Penny Wong gets times have changed and can keep changing. Last week, Labor’s Foreign Minister told ABC RN that “we have to recognise we live in a different world … we will continue to make the case to the US that collaborative research benefits both countries but making sure we diversify our engagement across all our economic sectors”.
But with who? Research lobbies are talking up the EU’s Horizon Europe funding program, which Australia could join as an associate member – New Zealand has. Except that what suits the EU may not suit us – one of Australia’s great research strengths is in mining, unlikely to be green-enough for EU officialdom. Plus no one is talking about return on investment. While the Australian government has said in the past that it has never been invited to join Horizon Euro, that might be because it decided it was too expensive and did not ask.
Which means China is now the only research alternative to the US, catching when it is not outpacing the US in science research. The Australian Strategic Policy Institute looked at research leadership last year, measured by citations of papers in 64 “critical technologies”.Twenty years ago the US led in 60 and China in three; now the Americans are top in seven and PRC researchers in 57. This does not make the case for switching sides in an ideas arms race – the US is way better at research diffusion but, AUKUS permitting, we could look to China if Trump started making the US an unreliable ally. Except that China as our new great and powerful science friend is a hard sell. Ask wine makers and barley growers.
The Chinese Communist Party uses research as an arm of state power. There is a new statement from Xi Jinping that sets the objective – “mobilise resources nationwide for major tasks to boost high-level self-reliance and strength in science and technology.”

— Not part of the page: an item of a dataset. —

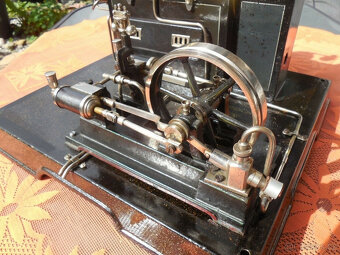 Dvouválcový parní stroj Märklin 41607 z roku 1909 s originál - 7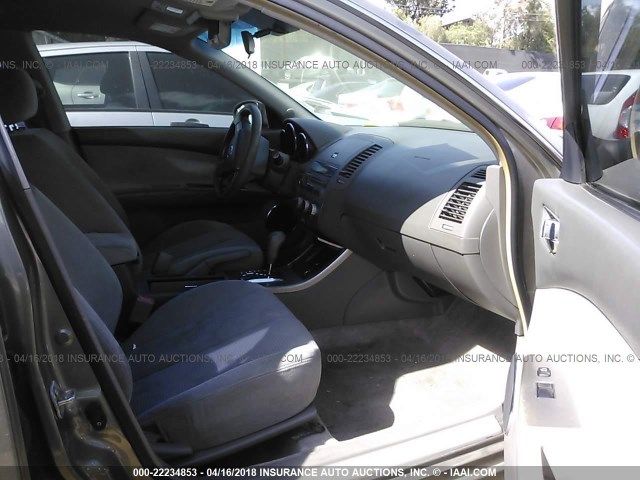 1N4AL11D55N413700 - 2005 NISSAN ALTIMA S/SL Champagne photo 5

A commitment to science in the service of humanity this is not. As the excellent ASPI reports, the huge and powerful Chinese Academy of Science is a ministerial-level institution reporting to cabinet, big in computing technologies, nuclear weapons and intercontinental ballistic missiles. According to ASPI, the academy has “a robust internal Communist Party apparatus”
This did not stop Australian vice-chancellors sucking up to the PRC for years. The case for full-fee Chinese students has long been that their fees fund research the Australian government does not. But not so much since Covid-era trade thuggery and more recently Chinese warships started turning up off our coast projecting power.
Diarmiud Cooney-O’Donoghue (Monash University) reports the way Australian Research Council projects that included Chinese partners grew for 20 years before falling off a funding cliff in 2022. Last week, the University of Queensland admitted it had not renewed its Confucius Institute contract – turns out five other universities cancelled theirs.
So if ideological push came to research partnership shove, the choice of camp we should join is clear – neither, at least not if we have a choice. Just as a free market in goods is essential to Australia as a trading nation, so is open access to science.
One sure way to ensure the world is poorer is to turn science into a great-power pawn where smaller countries make the least-worst deal for access to resources.
As happened in 17th-century Europe.
Academics who denounce globalisation as capitalism run riot will miss it when it is gone – and right now it is on the way out.